Rodney, 35, had 48 saves in 50 chances with a record-setting 0.60 ERA. He also had a 0.78 WHIP and 76 strikeouts in 74 2/3 innings. It was the first time in history a reliever had at least 40 saves with an ERA and WHIP below 1.00 while also striking out at least a hitter per inning. So he was an easy pick for the Delivery Man award, which is given to the best reliever in baseball.
Posey, 25, hit .336/.408/.549 with 24 homers, 103 RBI, 39 doubles and 78 runs for the NL West champion Giants. He was returning this season from a broken leg suffered in May 2011 on an ugly collision at home plate. He's also considered a frontrunner for the NL MVP, so this seems like an easy choice.

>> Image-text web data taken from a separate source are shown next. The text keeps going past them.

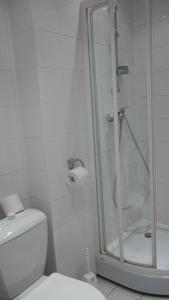 a white bathroom with a shower and a toilet at City Inn Riga Apartment, Town Hall view with parking in Rīga +15 photos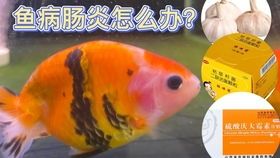 金魚(yú)糞便處理指南：寵物清潔小技巧，輕松解決！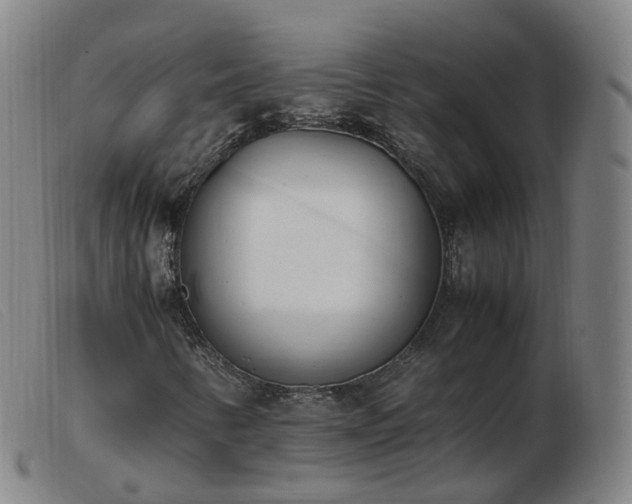 X0000103451346200809191738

Back to Rodney, the argument can't be that he's undeserving based upon the numbers he put up. The numbers are insane and he'll likely get some attention in AL Cy Young voting (though I don't think he'll win). The argument against Rodney winning the Comeback Player instead will come down to criteria. Specifically, what each individual person believes "re-emerged" means.
Rodney didn't have a major injury in 2011. He just sucked. And he hadn't been especially good since about 2005. His ERA from 2007-11 was 4.42. His WHIP in that timespan was an ugly 1.50. And he was never a star until this season. So did he just emerge or "re-emerge?"
Depending upon definition of "re-emerged," Joe Mauer, Adam Dunn and Alex Rios all would have cases. Mauer battled several injuries to the worst season of his career in 2011, but he was back to being vintage Mauer this season. Dunn battled a historically bad season in 2011, while Rios wasn't much better, and both returned to form for the White Sox this year.
Still, the word "re-emerged" is pretty open to interpretation. Thus, if you disagree with the Rodney pick, you probably disagree with how the term has been applied by the good folks over at MLB.com.